:: DATA ::
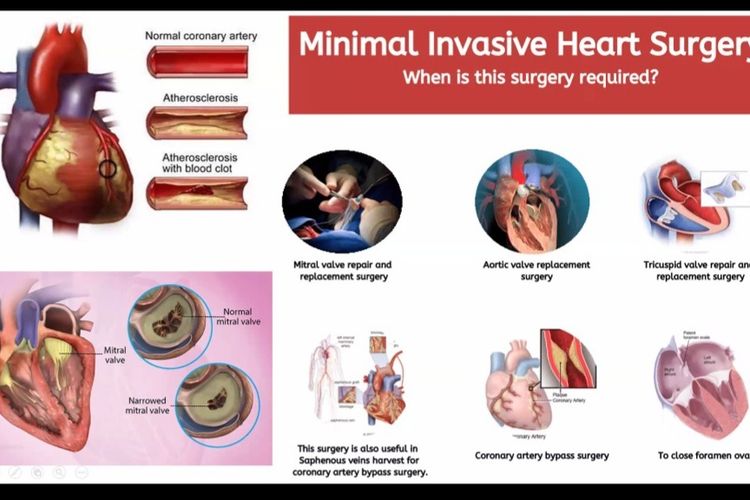 Atasi Kebocoran Jantung dengan 3 Tindakan Kompleks, Pertama di Indonesia dan Ketiga di Dunia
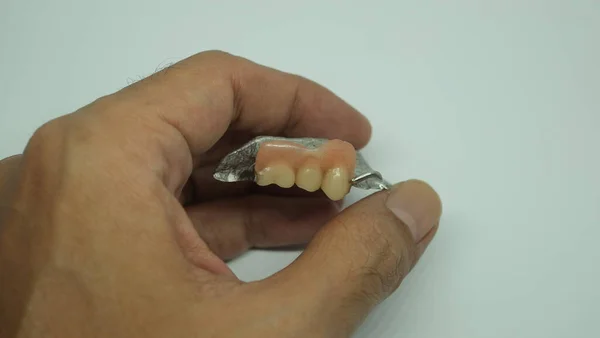 Mão Segurando Dentes Falsos Dentadura Removível — Fotografia de Stock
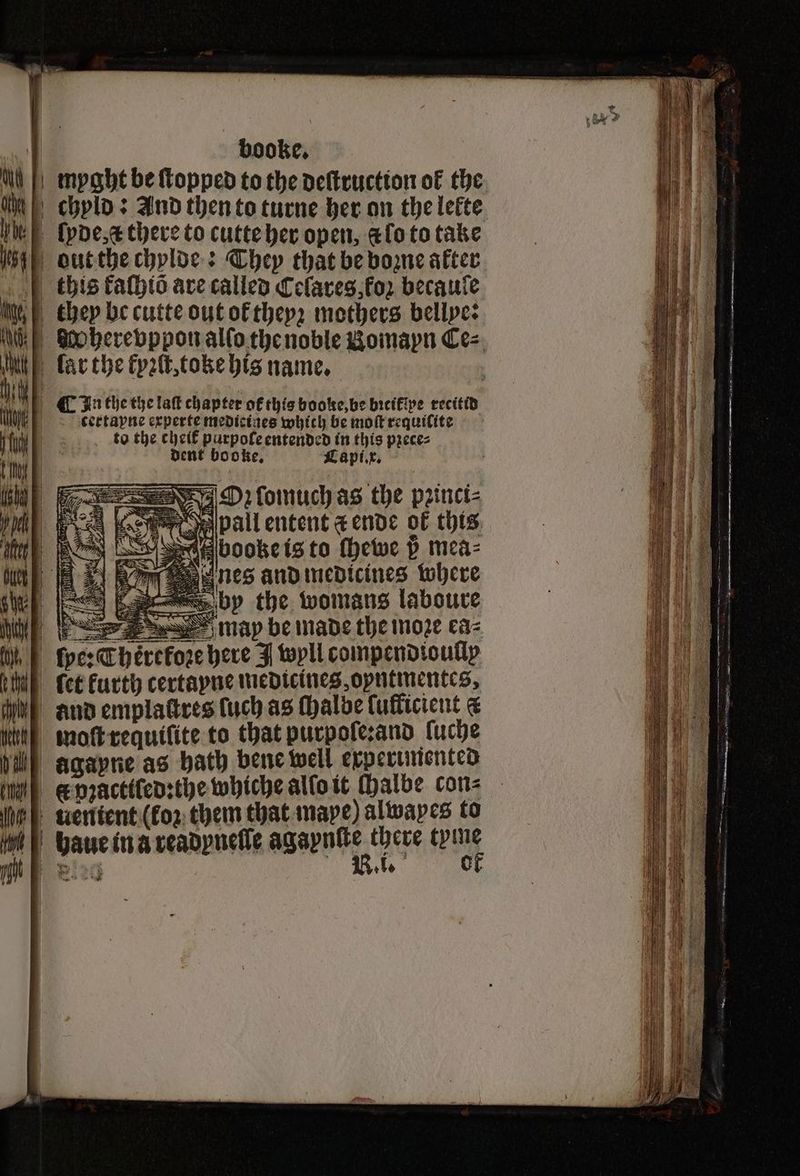N booke. myght be ſtopped to the deſtruction of the . ſyde, & there to cutte her open, efoto take out the chylde: They that be bozne after this kaſhiõ are called Ceſares, oz becauſe certapne experte medicines which be moſt requilite to the cheik purpofe entended in this pꝛece⸗ dent booke, Capi. x. 74 > J eo by Se | 2 ier =J a | TPA 1 S = — | foe: The et kurth certayne medicines opntinentces, and emplattres ſuch as ſhalbe luflicient & | moftrequifite to that purpoſe:and luche agapne as bath bene well experimented & pꝛactiſed:the whiche alſo it (halbe con⸗ uentent (koz them that mape) alwapes to baue in a readyneſſe agent. there tyme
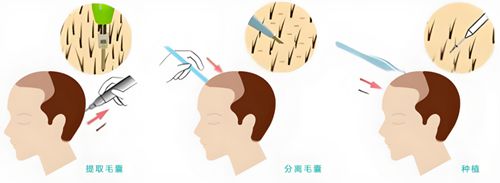 五、判斷和治療M型發(fā)際線有哪些注意事項？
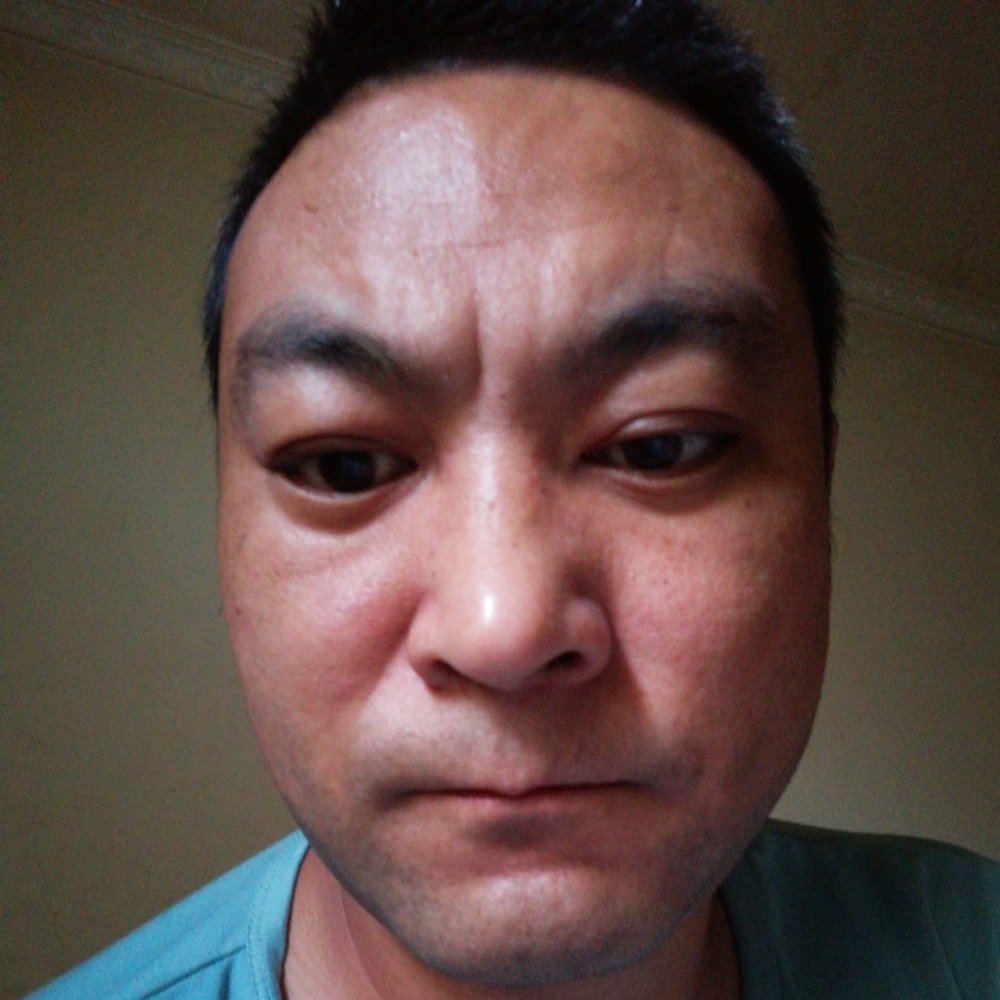胡萝卜爱受伤的照片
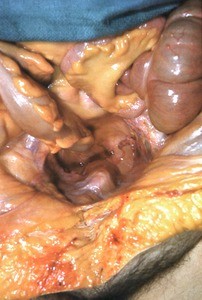 Natural color photograph of dissection of the pelvic cavity, superior view, showing the abdominal viscera and associated mesentery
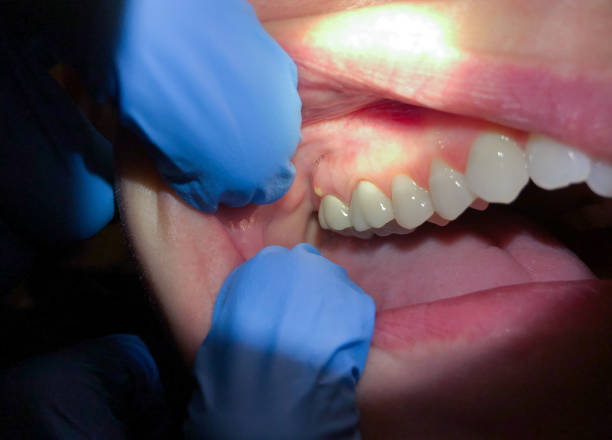 Best Emergency Treatment for Oral Infections in Hart, TX
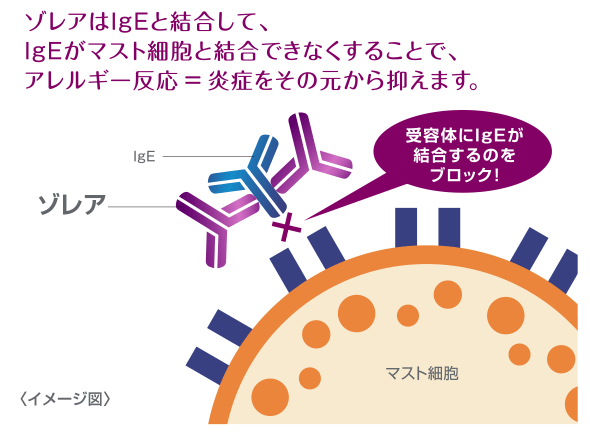 ゾレアはIgEと結合して、IgEがマスト細胞と結合できなくすることで、アレルギー反応=炎症をその元から押さえます。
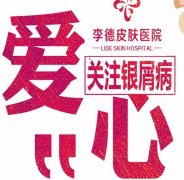 夏季治療銀屑病的5大優(yōu)勢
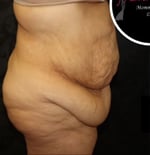 Liposuction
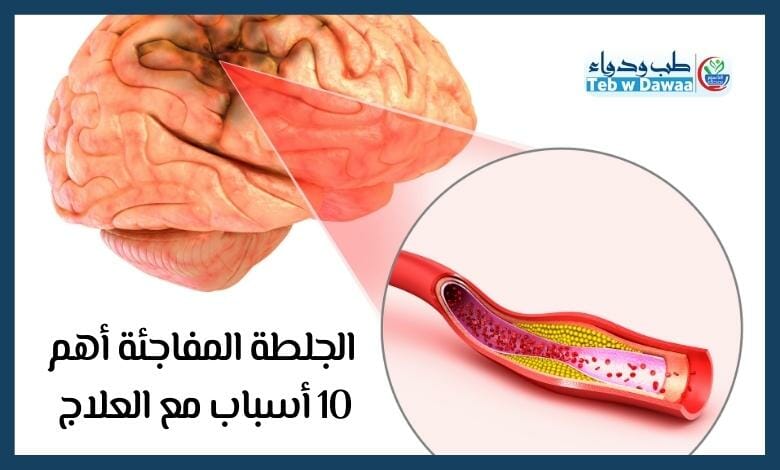 الجلطة المفاجئة 004
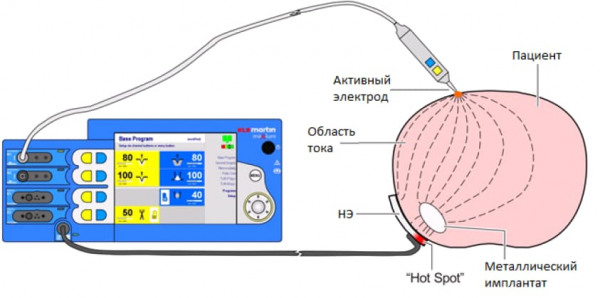 Схема протекания тока через пациента с металлическим имплантом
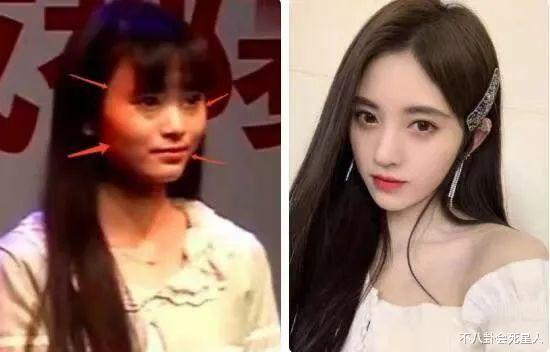 娱乐圈假鼻子扎堆,金晨新剧出戏,毛晓彤变样,把我看无语了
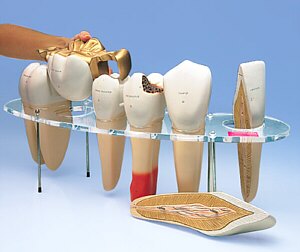 Modelo de pr�tesis dental, 7 piezas, 10 veces su tama�o natural -  Ingl�s  W42517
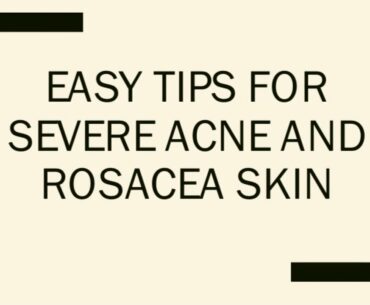Easy tips for severe acne and rosacea skin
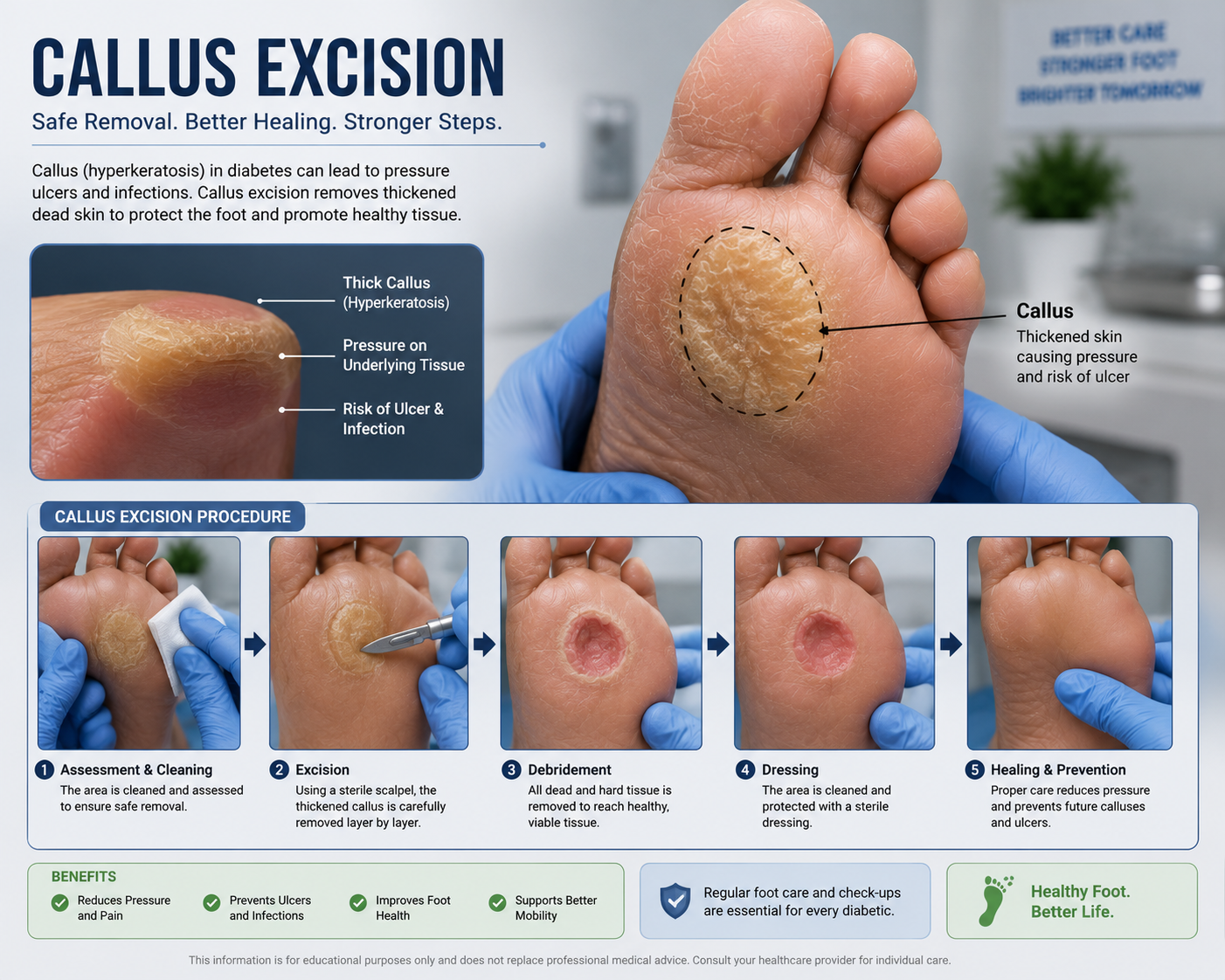 Callus Treatment in Surat: Safe Removal and Why It Matters for Diabetics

:: PROBLEM ::
Given the entries above, transcribe exactly the lines from the one holding "Natural color photograph" through the one holding "Liposuction"; pictures do not belong in the transcription.

:: TASK SOLUTION ::
 Natural color photograph of dissection of the pelvic cavity, superior view, showing the abdominal viscera and associated mesentery
 Best Emergency Treatment for Oral Infections in Hart, TX
 ゾレアはIgEと結合して、IgEがマスト細胞と結合できなくすることで、アレルギー反応=炎症をその元から押さえます。
 夏季治療銀屑病的5大優(yōu)勢
 Liposuction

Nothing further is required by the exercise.